Records shown:
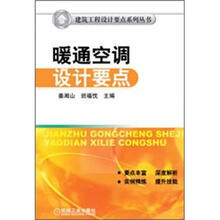 建筑工程设计要点系列丛书：暖通空调设计要点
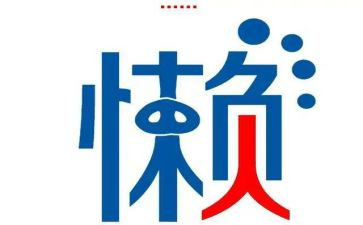 音乐《勤快人和懒惰人》教案5篇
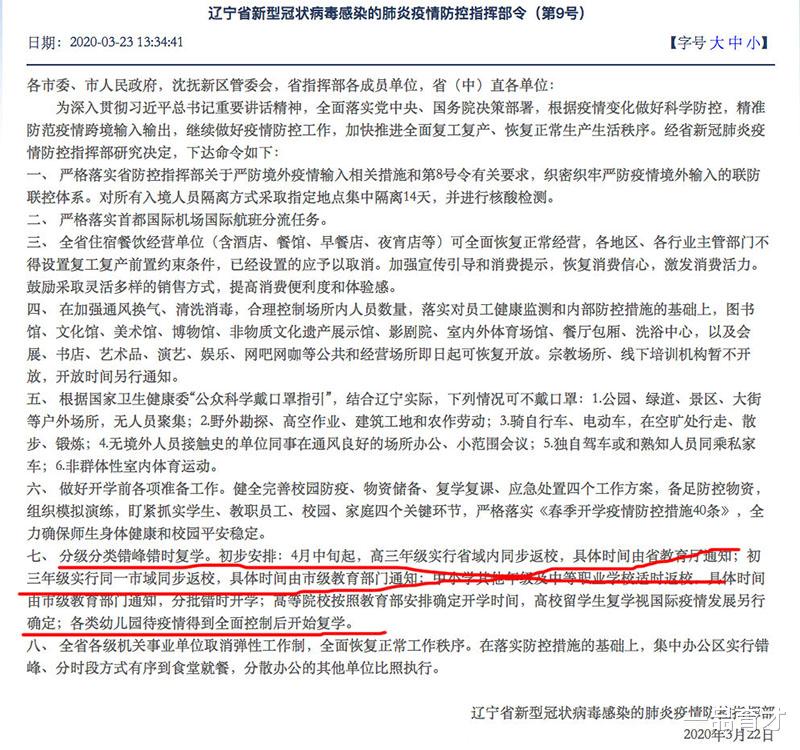 「」又一省份开学时间定了！2020恐成最难高考年，高中生将面临2大巨变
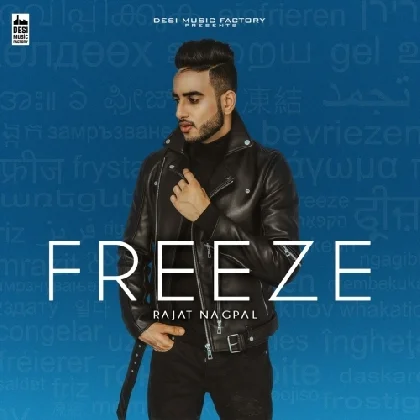 Freeze - Rajat Nagpal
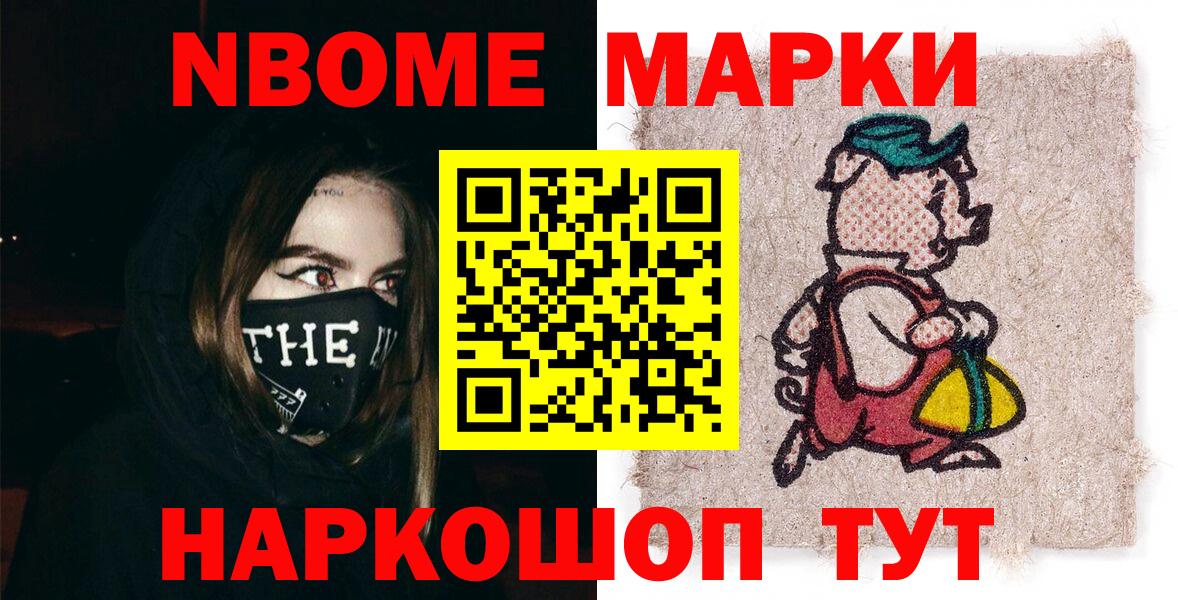 Марки 25I-NBOMe 1500мкг Урюпинск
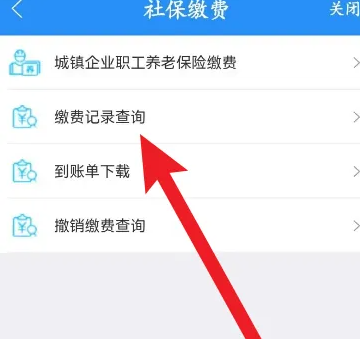 江西人社app怎么查找社保缴费证明 具体操作方法介绍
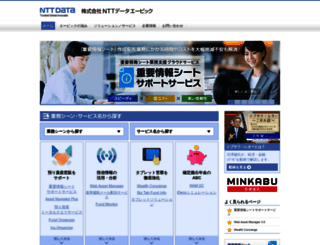 fundland.abic.co.jp screenshot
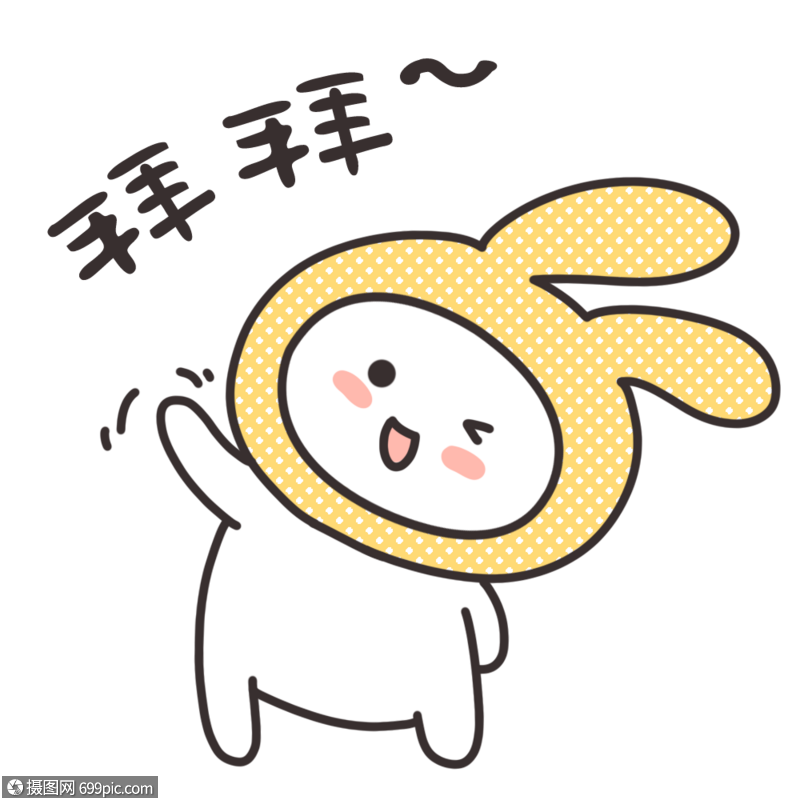 卡通表情包再见拜拜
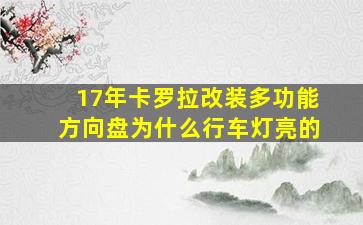 17年卡罗拉改装多功能方向盘为什么行车灯亮的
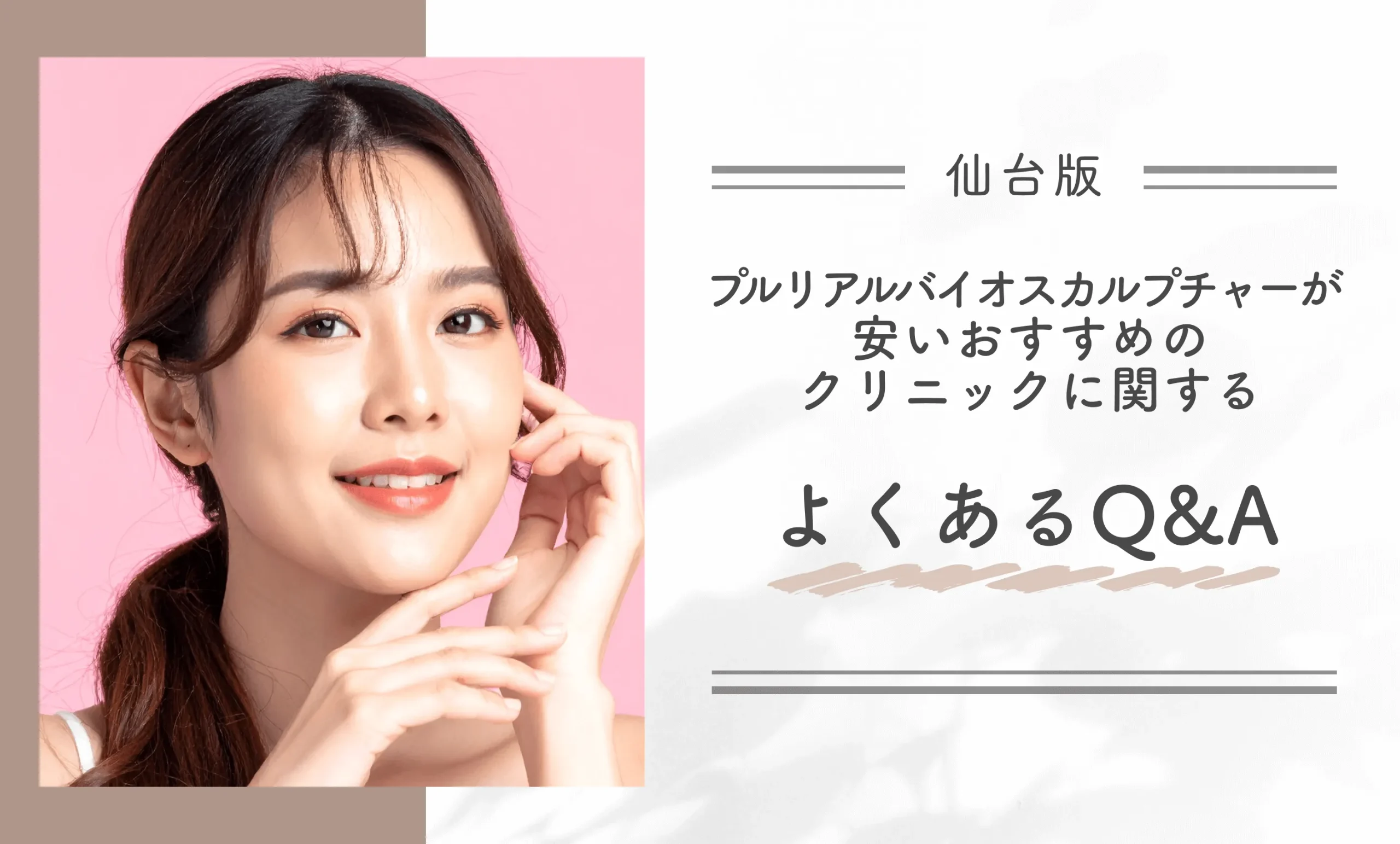 仙台でプルリアルバイオスカルプチャーが安いおすすめのクリニックに関するよくあるQ&A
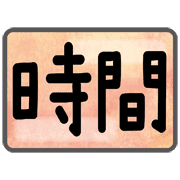 016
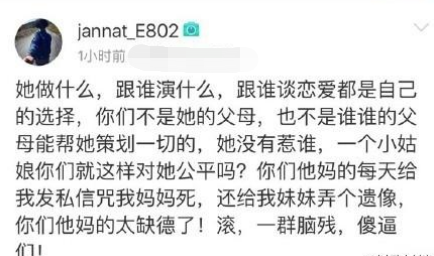 古力娜扎|郑爽张翰都在录恋爱综艺，11年过去，他们和怼粉的娜扎陷入相同困局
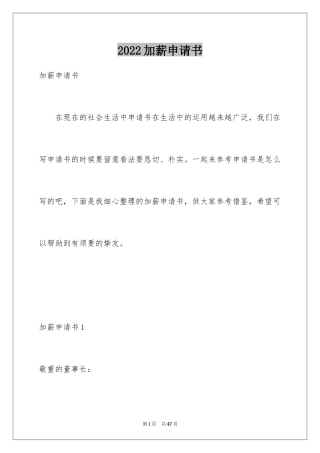 2024加薪申请书_61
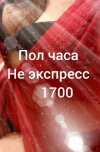 Ксана+7 (996) 229-16-58
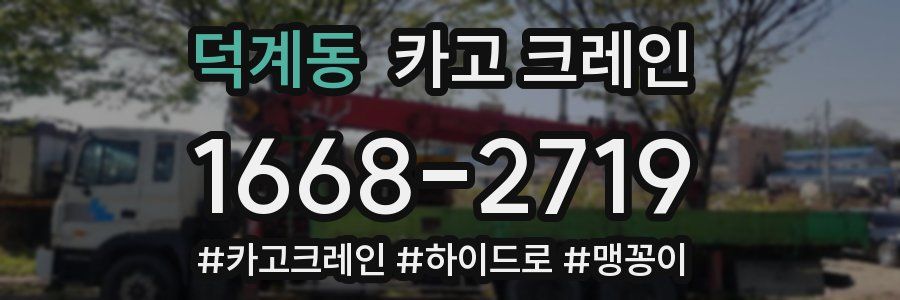 덕계동 크레인 작업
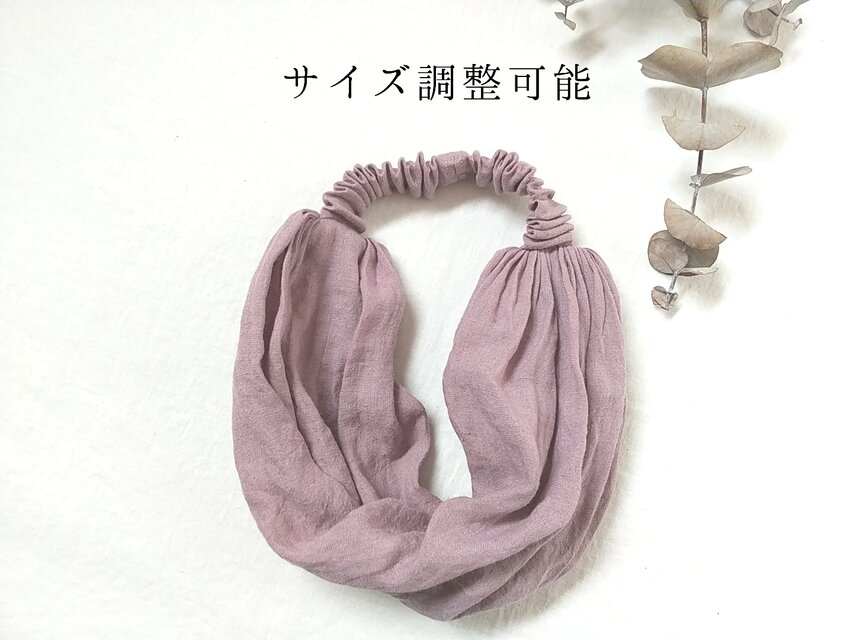 調整可能＊リネンのターバン・モーヴ...薄手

Work request:
Restate word for word, and only, the lines from the line that contains "2024加薪申请书_61" through the end of the data, both included; pictures are not part of the copy.

Result for this task:
 2024加薪申请书_61
 Ксана+7 (996) 229-16-58
 덕계동 크레인 작업
 調整可能＊リネンのターバン・モーヴ...薄手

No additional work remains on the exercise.